Could structural changes to American journalism — like increased federal support for public media — help prevent future political scandals?
That was one of the big questions posed last week during “The Lessons of Watergate,” a Washington, D.C., conference organized by the liberal advocacy group Common Cause. Held four decades after President Richard Nixon defiantly declared, “I am not a crook,” the two-day event at the National Press Club featured a series of speeches and panel discussions with journalists and government reform activists.
Robert Reich, the former secretary of labor in the Clinton administration who now teaches public policy at the University of California at Berkeley, gave the opening keynote, “Democracy in Crisis — Then and Now,” on the first day, March 13.
The second day, March 14, ended with a keynote address by The Nation's Washington correspondent, John Nichols, who spoke approvingly of President Lyndon Johnson's strong support for public media.
“This country doesn't work unless our media informs all the people all the time,” he said, paraphrasing Johnson. “We need to create an American BBC. We need to create the equivalent of the British Broadcasting Corporation in the United States. We don't need to have a little piddly public broadcasting system funded at a level 1/17th of Slovenia's.”
Nichols said a more robust public media system might have prevented Watergate and subsequent political scandals. He also said journalists must do a better job of covering controversies like Watergate as they develop, not simply once they become impossible to ignore.
“You're a bad doctor if you only treat people that are sick,” he said. “You're a good doctor if you look ahead and help them to avoid getting sick. The United States needs a good doctor right now.”

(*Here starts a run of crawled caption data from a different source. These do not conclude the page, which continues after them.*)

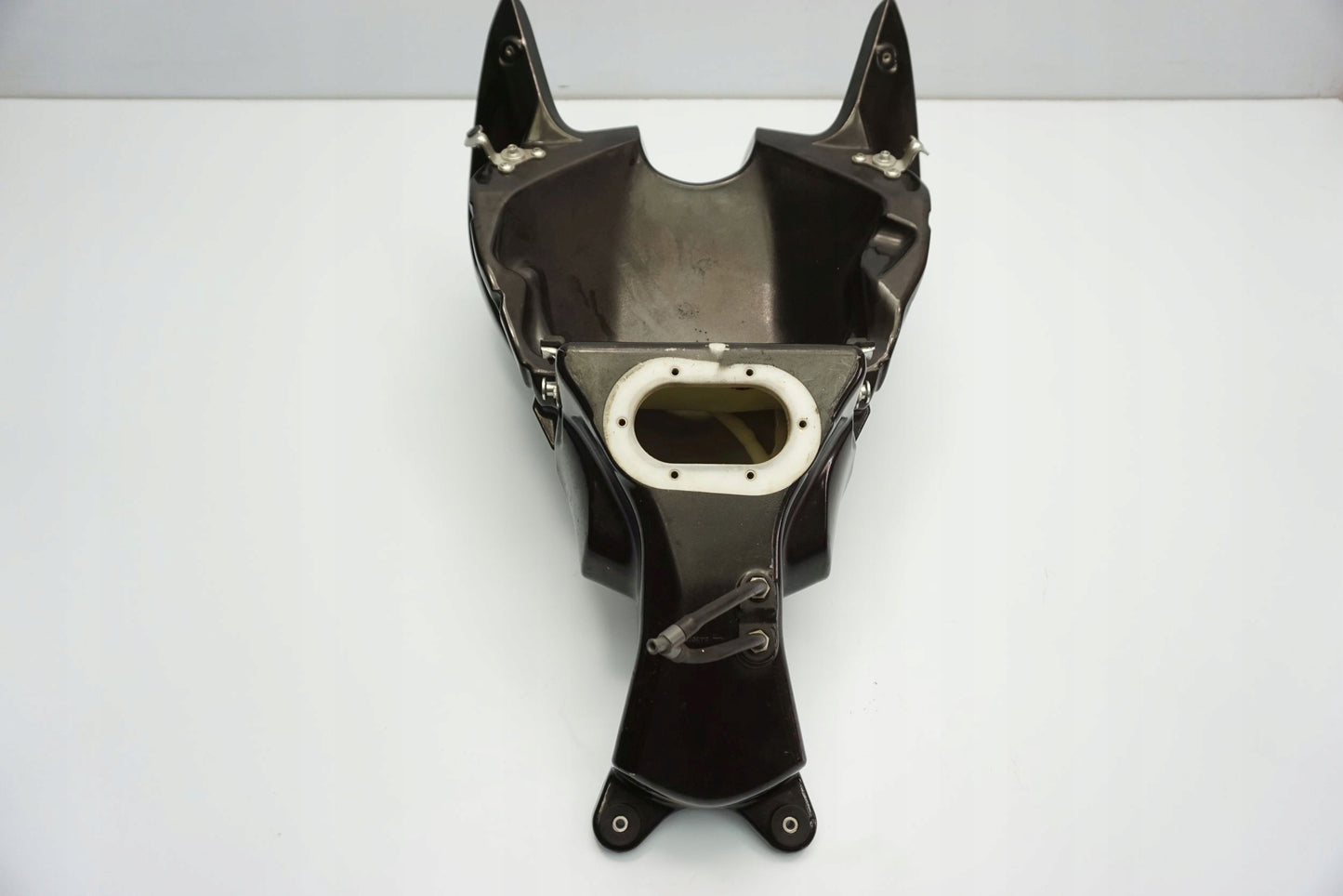 MV AGUSTA RIVALE 800 12-18 Kraftstofftank Benzintank Fuel Tank 10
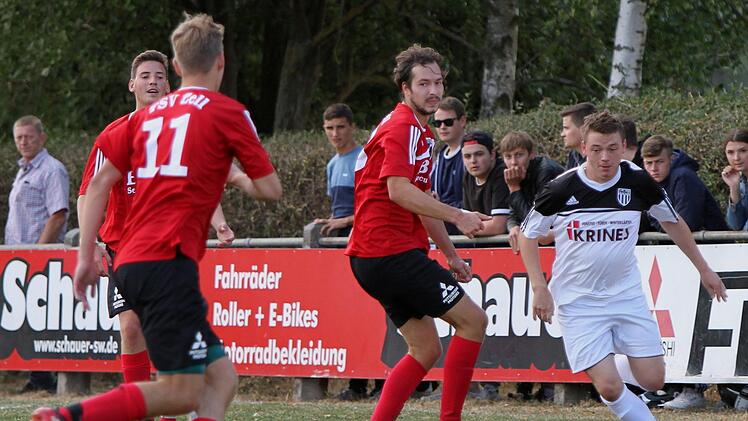 Pit Panzer (weißes Trikot), Torschütze in der Partie gegen Zell, ist zusammen mit seinen Kollegen des FC Sand III zu Hause im Seestadion gegen den TSV Westheim gefordert.  Foto: Günther Geiling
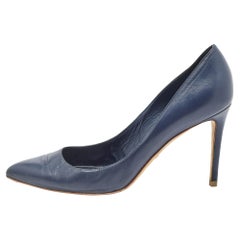 Gucci Navy Blue Leather Pointed Toe Pumps Size 38.5
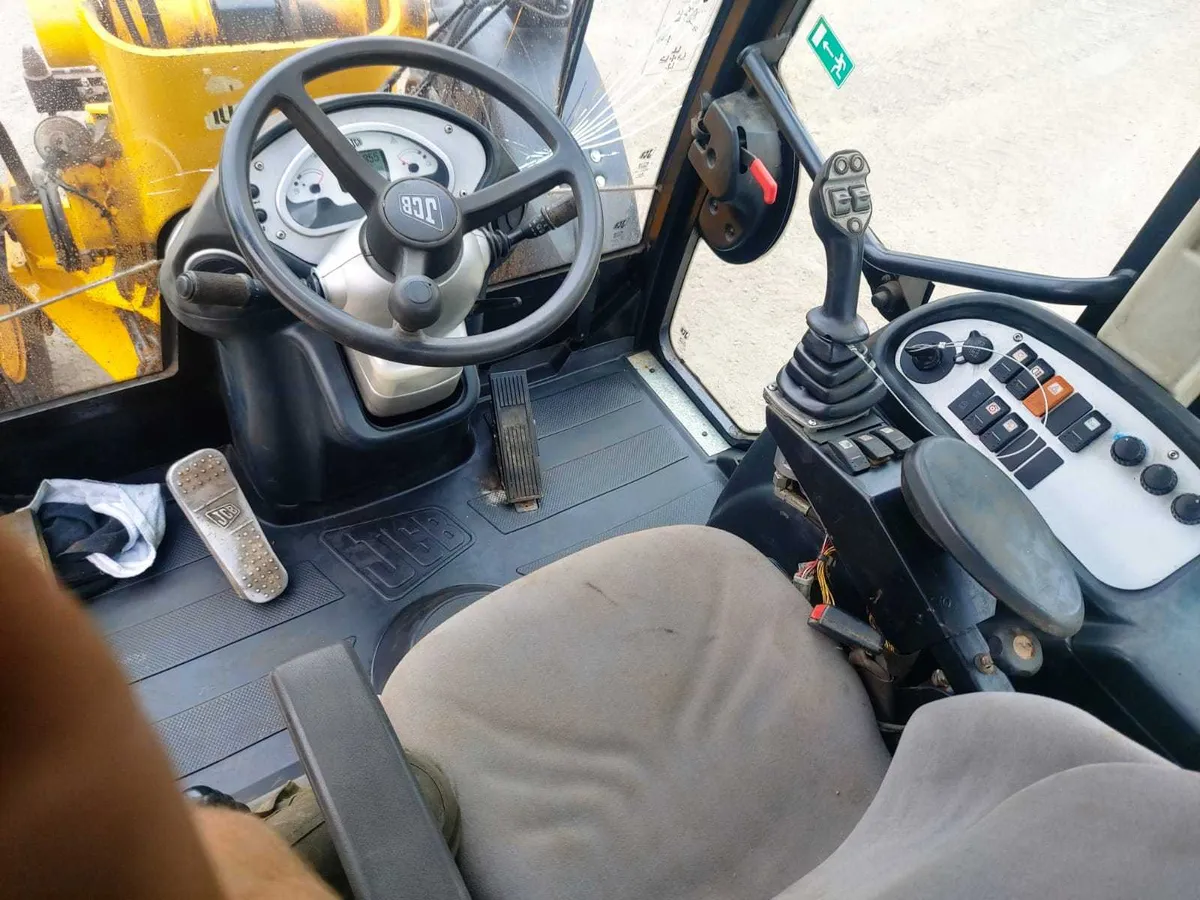 jcb 310s - Image 3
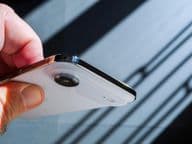 Una mano sostiene el nuevo smartphone Apple iPhone Air.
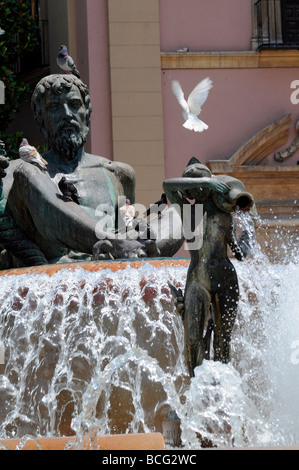 Turia-Brunnen auf dem Platz in der Altstadt von Valencia, Spanien Stockfoto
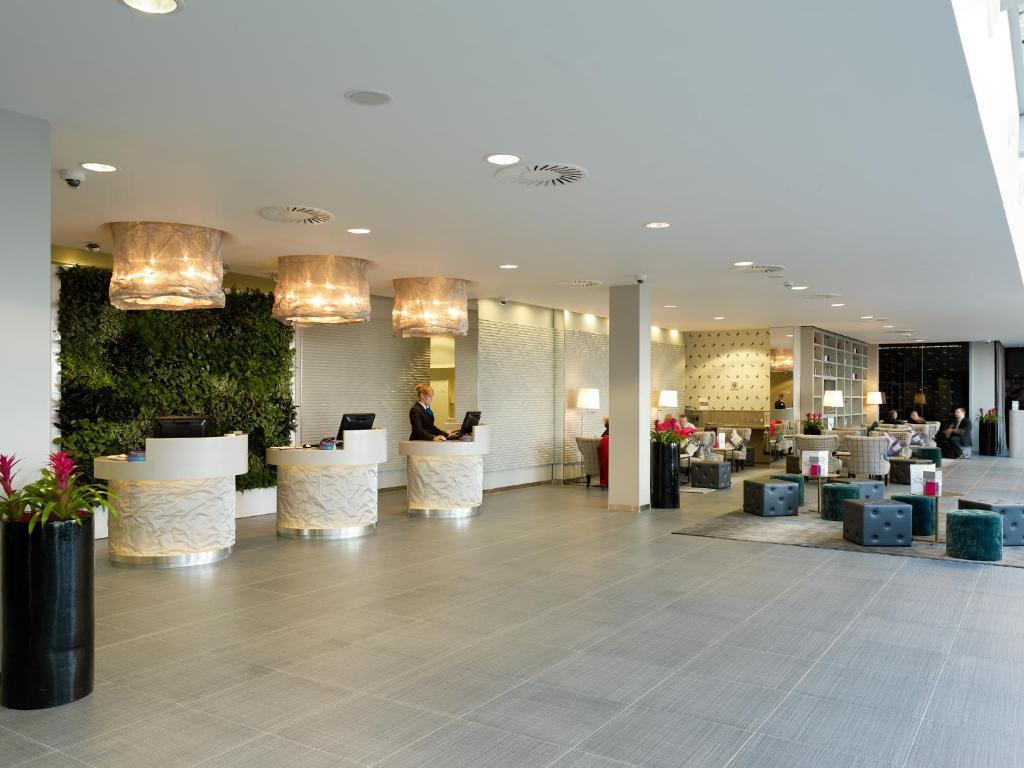 Radisson Blu Hotel East Midlands Airport Касъл Донингтън Екстериор снимка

Several other conference participants agreed that a stronger system of public media might be a healthy prescription for what ails journalism. In fact, Michael Winship, a senior writer for public television's “Moyers & Company,” said public media is increasingly indispensable when it comes to fulfilling certain civic responsibilities.
“We find ourselves, in this age of media consolidation, as one of the few remaining bastions of independence and localism,” he said.
Winship described recent polling that suggests Americans see public broadcasting as the most trustworthy form of media — findings public media advocates have been quick to tout as they campaign against federal funding reductions. Still, the very necessity of these kind of defensive campaigns suggests that growing America's public media sector may prove politically challenging, at least in the short term.
Other speakers at "The Lessons of Watergate" included: Liz Holtzman and William Cohen, both members of the House Judiciary Committee during Watergate; Jill Wine Banks, assistant special prosecutor on the Watergate Task Force; and Daniel Ellsberg, the military analyst who worked on the top-secret study of Vietnam, known as the Pentagon Papers, which he later gave to The New York Times, The Washington Post and 17 other newspapers.
Charles Lewis, executive editor of the Investigative Reporting Workshop and founder of the Center for Public Integrity, moderated a panel on investigative journalism and the media's role during Watergate. The panel featured Scott Armstrong, a member of the Senate Watergate Committee and founder of the National Security Archive; Matea Gold of the Los Angeles Times; and Brooks Jackson, an investigative journalist and founder of FactCheck.org.